====== Input ======
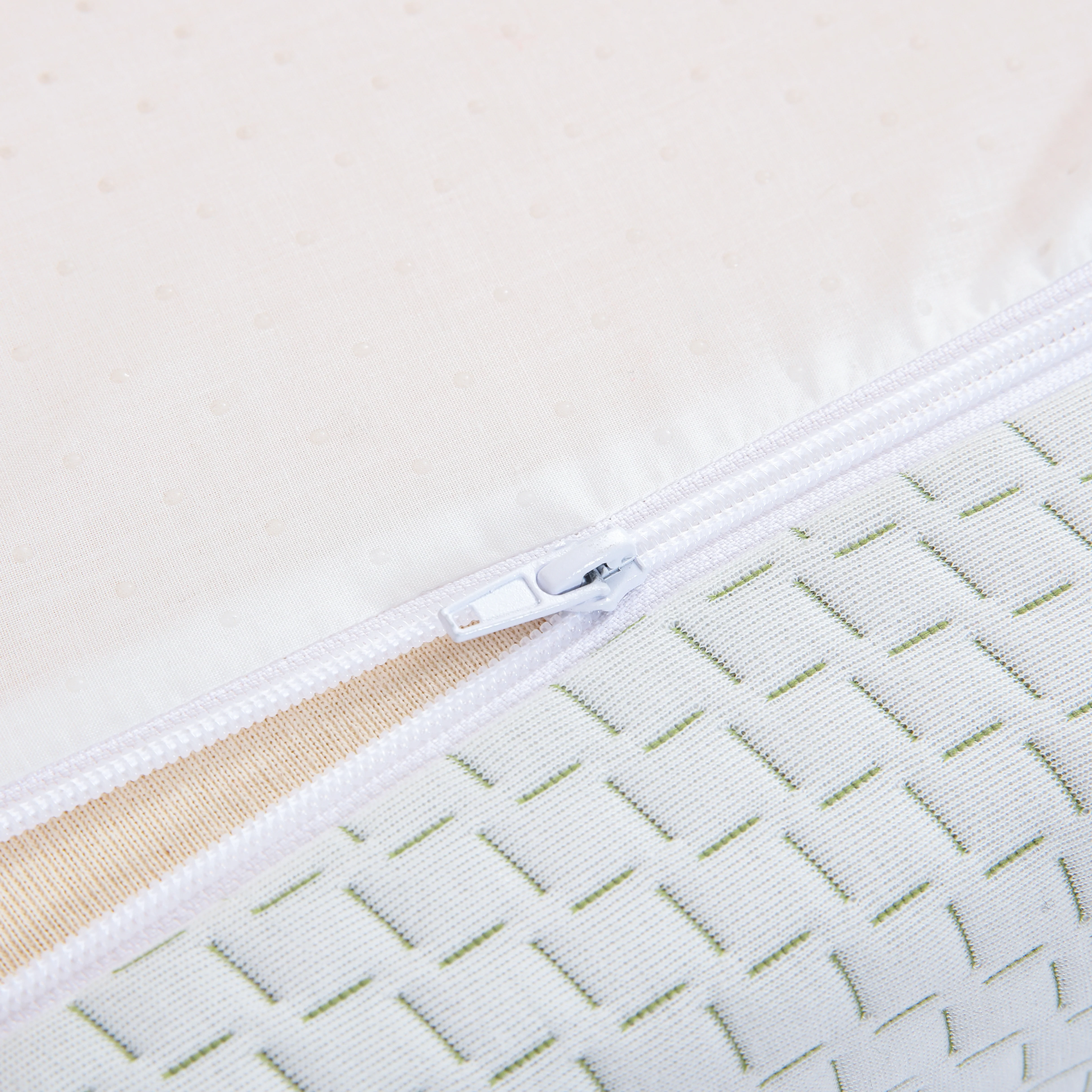 Mlily 8 Inch Ego Green Firm Mattress - Image 12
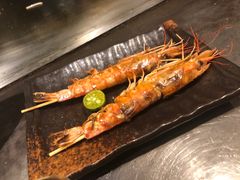 -银子铁板烧料理自助餐(人民广场店)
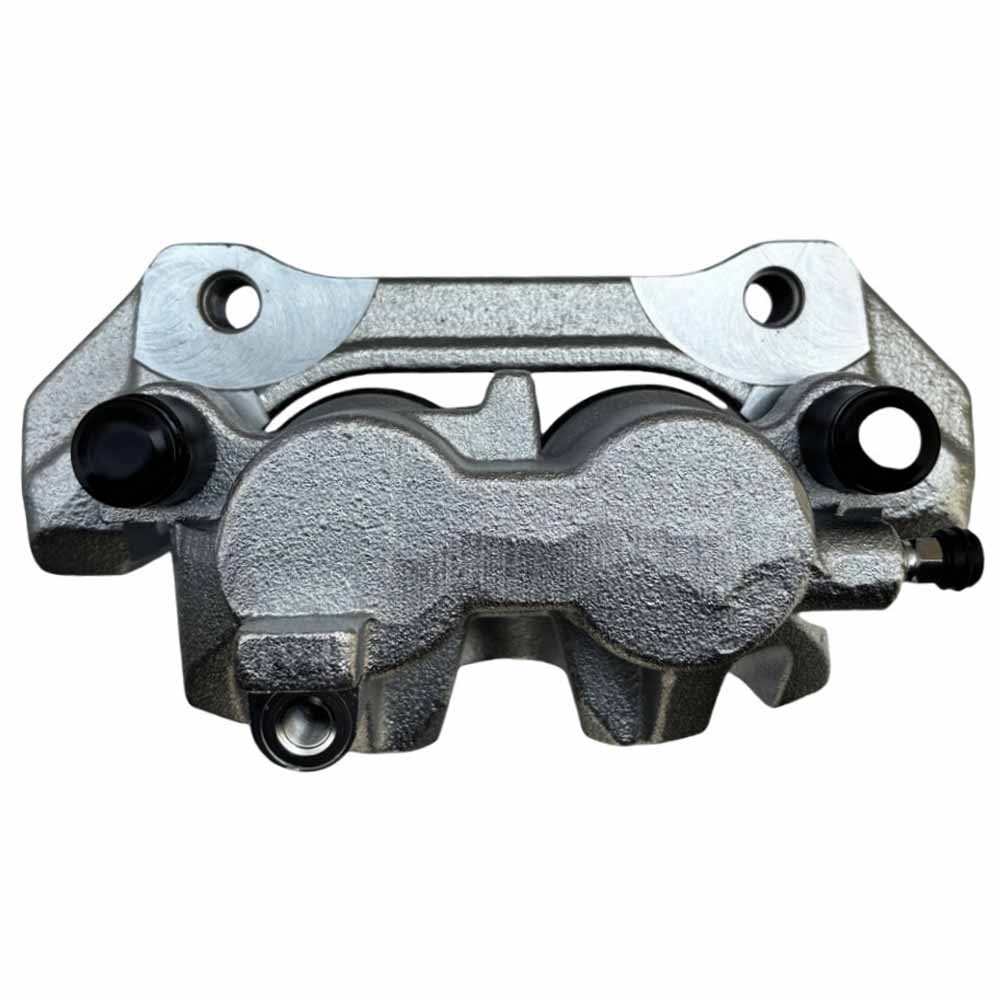 2018 Dodge Durango Brake Caliper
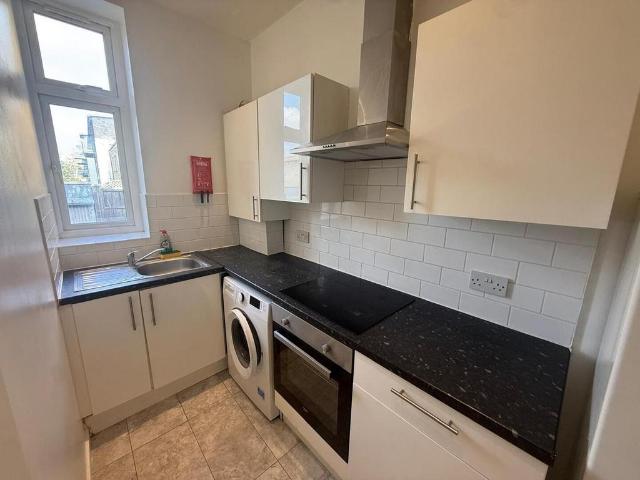 Apartment for rent in London Borough of Islington, Greater London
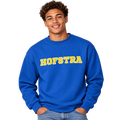 The Buoy4 College Collection Crewneck
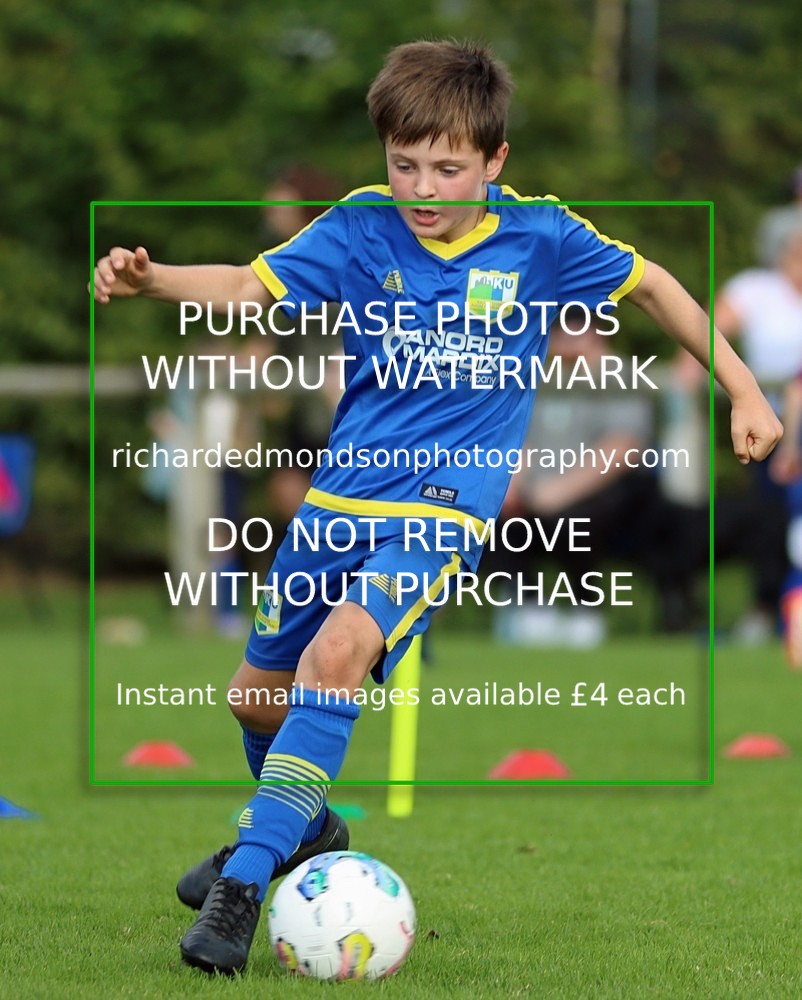 IMG_3565 - Kendal Utd U9 vs Kendal Utd U9 (7/9/24)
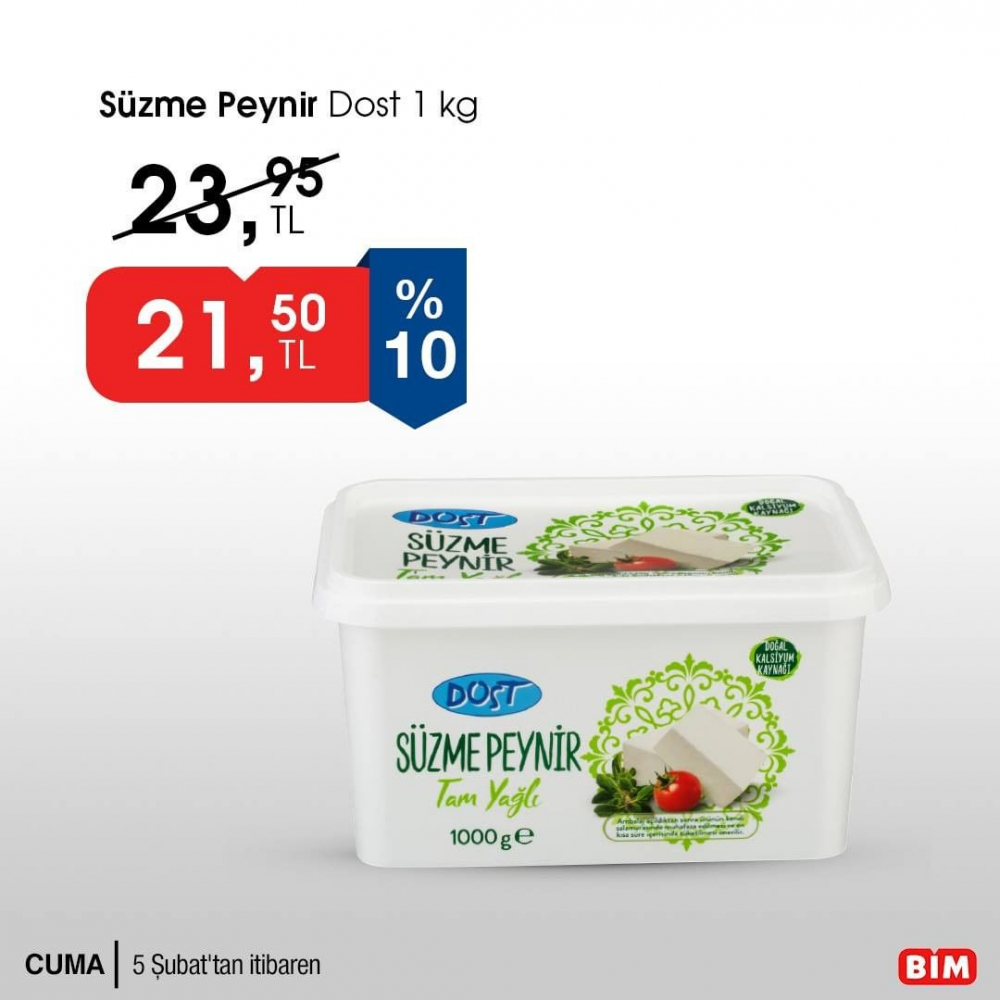 8 Şubat Pazartesi BİM kataloğu | 8 Şubat 2021 BİM katalog | Kumtel dinamik anstre set 11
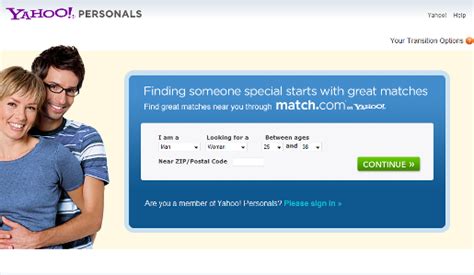 #tinder release date #tinder date how to #yahoo online dating. The End Of Yahoo Personals » Popular Fidelity » Unusual Stuff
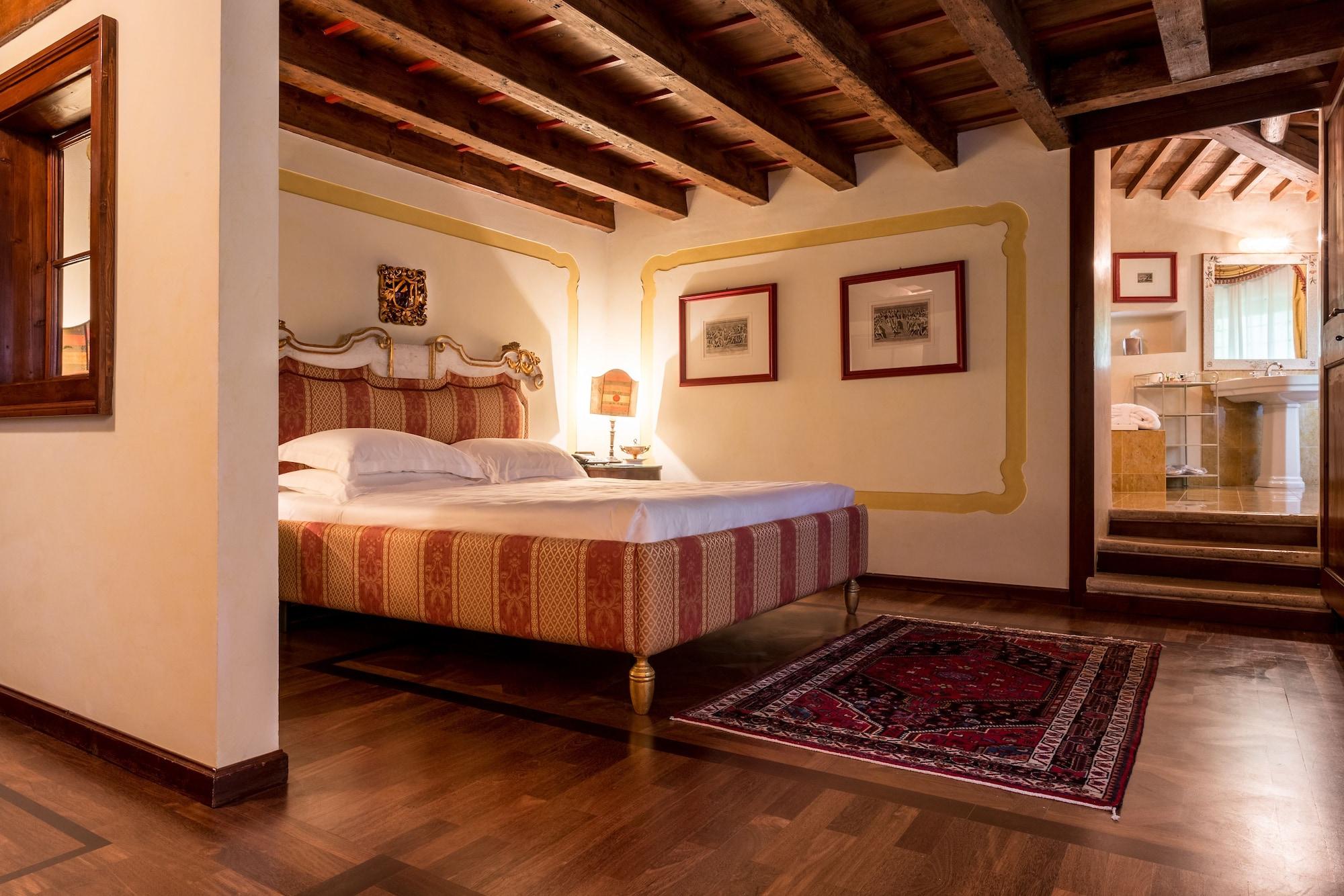 Hotel Villa Del Quar San Pietro in Cariano Exteriér fotografie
======
Directions for this task
Exclude all pictures and return precisely the lines from the one containing "-银子铁板烧料理自助餐(人民广场店)" through the closing line of the data.

Answer for this exercise
 -银子铁板烧料理自助餐(人民广场店)
 2018 Dodge Durango Brake Caliper
 Apartment for rent in London Borough of Islington, Greater London
 The Buoy4 College Collection Crewneck
 IMG_3565 - Kendal Utd U9 vs Kendal Utd U9 (7/9/24)
 8 Şubat Pazartesi BİM kataloğu | 8 Şubat 2021 BİM katalog | Kumtel dinamik anstre set 11
 #tinder release date #tinder date how to #yahoo online dating. The End Of Yahoo Personals » Popular Fidelity » Unusual Stuff
 Hotel Villa Del Quar San Pietro in Cariano Exteriér fotografie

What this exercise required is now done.